Hybrid Search
Keyword search and semantic search fused together. The default 2026 retrieval pattern in any serious RAG system. If your vendor only runs vector search, that's a red flag.
The Technical Definition
Hybrid search combines two retrieval methods on the same query and merges the results. The first method is lexical — typically BM25, the keyword-ranking algorithm that’s powered enterprise search since the 1990s. The second is semantic — vector similarity over embeddings, the method behind every “AI search” pitch since 2023.
Each method scores documents independently. The two ranked lists are then fused using an algorithm like Reciprocal Rank Fusion (RRF) or a weighted sum, producing a single ranked list that catches what either method alone would miss.
What This Actually Means for Your Business
The pitch you’ve been getting since 2023 is that semantic search replaces keyword search. It doesn’t. It complements it. By 2026, the engineering teams running serious RAG systems in production — at companies like Bloomberg, Klarna, and most of the financial services firms with public AI deployments — almost all run hybrid retrieval. Vector-only is a thing you build in a hackathon. It’s not what you ship to operators.
The reason is simple. Semantic search wins when users phrase queries in natural language and the relevant document uses different vocabulary. Keyword search wins when users search for specific identifiers — part numbers, contract IDs, error codes, proper nouns — that the embedding model doesn’t have strong representations for. Production search systems see both query types every day. Optimizing for one and ignoring the other ships a product that fails on half the queries that matter.
There’s a vendor pattern worth flagging. If a vendor’s pitch leans hard on “we use AI-native vector search” without mentioning BM25 or hybrid retrieval, they’ve usually built a thin wrapper over a vector database (Pinecone, Weaviate, Qdrant) and called it a search engine. Ask them what their system does when an operator types in a part number that wasn’t in the training data for the embedding model. If they don’t have a coherent answer, you’re looking at a demo, not a deployment.
The cost of hybrid is small. Both retrieval methods run on the same indexed corpus. The keyword index is cheap to maintain. The fusion step adds milliseconds, not seconds. The quality lift on real queries is meaningful — most published benchmarks show 10–20% improvement in retrieval recall over vector-only on enterprise document sets.
Reality Check
What the vendor says: “We use vector search to find what users actually mean, not just what they typed.”
What that means in practice: Their system handles paraphrased queries well and breaks on specific identifiers. The first time a sales rep searches for a contract number and gets the wrong customer, you’ll wish they’d run BM25 alongside the vectors.

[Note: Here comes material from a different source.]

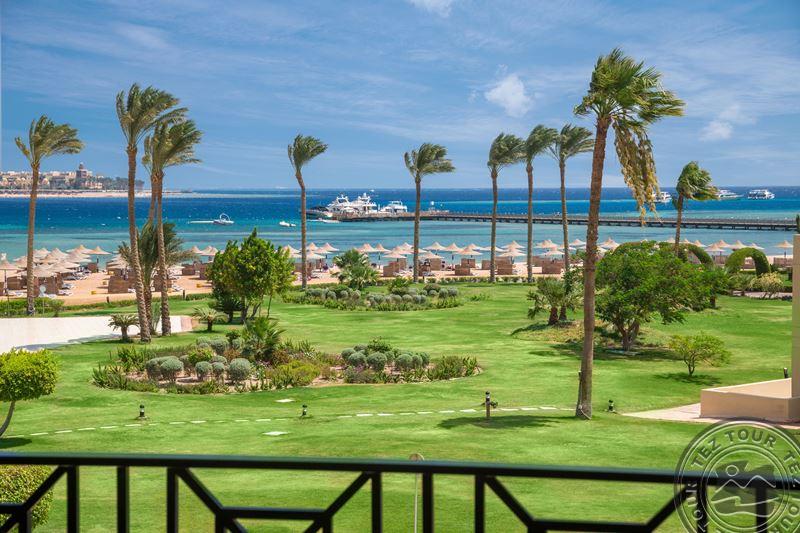 CLEOPATRA LUXURY RESORT MAKADI BAY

What Operators Actually Do
Companies running RAG in production almost always converge on the same architecture. BM25 retrieves the top 50–100 candidates by keyword match. Vector search retrieves the top 50–100 candidates by semantic similarity. The two lists get fused (usually RRF), and a re-ranker (Cohere Rerank or BGE) reorders the combined top candidates by deeper relevance scoring. The final top 5–10 go to the LLM as context.
That stack — hybrid retrieval plus re-ranking — is the de facto pattern in 2026. Teams that ship this perform better than teams running vector-only with the same model and the same corpus. The difference is the retrieval pipeline, not the LLM.

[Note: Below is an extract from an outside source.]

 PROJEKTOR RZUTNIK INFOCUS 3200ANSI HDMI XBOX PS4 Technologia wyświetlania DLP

The other operator move: they evaluate hybrid weighting on their own queries. The right ratio between BM25 and vector scores depends on the query mix. A legal team with lots of citation lookups weights BM25 higher. A customer support team handling paraphrased natural-language tickets weights vector higher. The default 50/50 fusion is a starting point, not an answer.
The Questions to Ask
-
Is your retrieval hybrid or vector-only? If the answer is vector-only, ask why. The answer is almost never good. Vector-only systems fail on identifier queries that operators type every day.
-
How is the fusion tuned for our query mix? The right balance between keyword and semantic depends on what your users actually search for. Has anyone measured your query patterns, or is the system shipped with default weights?
-
What’s the re-ranking step on top of retrieval? Hybrid retrieval gets you the right candidates in the top 50. A re-ranker reorders those into the right top 5. Without re-ranking, the LLM gets noisier context and produces worse answers.